Will PS2 Emulation on PS3 be PS2+?

Will the Cell SPU architecture be condusive to effecient emulation? I'd have thought not and software PS2 emulation would be handled entirely by PE.
Off hand, I think it depends on how well EE DMA can be mapped to Cell DMA (it's likely the latter is more capable, but we don't really know yet for sure).
If such a mapping is possible, PE could stick to R5900&R3000 emulation + translating the DMA chains to native DMA, passing them off to SPUs which would then emulate the "other" units in the system (VUs, IPU etc.).
 
Fafalada said:
Npl said:
EE could be used as IO-Processor (including Sound-DSP) similar to the PS1-CPU in the PS2.
You really do wish evil on the poor sound software engineers in nextgen games don't you... :p

Nay, I merely implied that the EE-Part could be used, I dint meant it really has to be a 1:1 Chip. Could be clocked faster in PS3-Mode and could have additional Stuff too. (Ive literally no experience (nor interest) in Soundprogramming :oops:, but I guess the SPU`s would do the heavy DSP-effects and then pass them to a simple hardware-mixer... )

For the IOP-Part:
From what Ive seen, it`s setup as some kind of RPC-Service and the loaded Modules are all from a set of Libraries from Sony. Would it be possible to simply replace the .irx Libraries with corresponding PS3-native( ie running on a PE) Versions during runtime? As long as the Data being sent around is the same it shouldnt matter what kind of Processor is "doing the talk".
I think lowlevel emulation of the IOP wont be necessary for PS2-Games
 
Npl said:
I guess the SPU`s would do the heavy DSP-effects and then pass them to a simple hardware-mixer...
Actually I suppose if EE had full access to XDR memory I guess it wouldn't be that bad, since you could always use SPUs to assist when needed. So for most things people could just stick to using R59k&VU0 in macro mode, which would be quite easy.
I'm more worried they'd cook up some intricate solution with extra sound memory attached ONLY to EE or something silly like that.

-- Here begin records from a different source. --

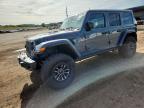 JEEP WRANGLER 2025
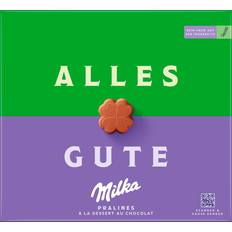 All The Best Pralines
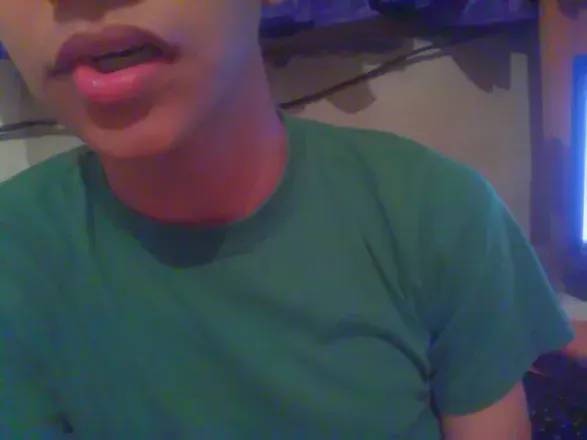 OnlyFans cuenta lilsebas9 avatar 1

As for IOP - unfortunately it's not that simple, the thing was always open to write your own code for, and it runs custom modules in many games.
 
Jaws said:
If you're expecting software emulation, then you should expect > 48 GB/s bandwidth somewhere in the PS3 because the GS eDRAM is ~ 48 GB/s.

Therefore, either eDRAM on the GPU or XDR RAM > 48 GB/s! ;)



good point! :)
 
Npl said:
Jaws said:
If you're expecting software emulation, then you should expect > 48 GB/s bandwidth somewhere in the PS3 because the GS eDRAM is ~ 48 GB/s.

Therefore, either eDRAM on the GPU or XDR RAM > 48 GB/s! ;)

The question is: Would you rather have 4MB edram that wont EVER be used except in PS2-Mode... or just spent the same amount of transistors to place it on the GPU, usable for all games even if it wont have benefits in all cases.
...

Putting a GS with 4MB of eDRAM doesn't seem to efficient as a whole and rather redundant to PS3's design goals, IMO.

I'd rather a see a partial HW emulation solution (i.e. EE core + GS in SW) or fully SW emulation solution. In this way you get the benefits/ flexibility of enhancing PS2 games and you'd also be setting a certain 'minimum' spec for the PS3 aswell. I.e. the dilema would then be should we have eDRAM and/or XDR with > 48 GB/s! 8)

Considering that some believe there's a good chance of NO eDRAM for the GPU and XDR badwidth ~ 25 GB/s, this would be a good thing (TM)! 8)
 
Npl said:
Fafalada said:
Npl said:
EE could be used as IO-Processor (including Sound-DSP) similar to the PS1-CPU in the PS2.
You really do wish evil on the poor sound software engineers in nextgen games don't you... :p

For the IOP-Part:
From what Ive seen, it`s setup as some kind of RPC-Service and the loaded Modules are all from a set of Libraries from Sony. Would it be possible to simply replace the .irx Libraries with corresponding PS3-native( ie running on a PE) Versions during runtime? As long as the Data being sent around is the same it shouldnt matter what kind of Processor is "doing the talk".
I think lowlevel emulation of the IOP wont be necessary for PS2-Games

I wouldn't be suprised if they included the SPU for backwards compatibility and then recomended that no one use it for anything but direct output of SPE-mixed PCM. Alternatively, the SPU would probably be one of the easier processors of the PS2 to emulate in software.

As for the IOP:
It is possible for games to create their own IOP modules. Also, the modules provided by Sony have changed slowly over the years. So doing a high-level emulation of the IOP RPC would not be sufficient. By now the PSOne processor should be so small and cheap that Sony shouldn't mind churning them out for yet another ten years.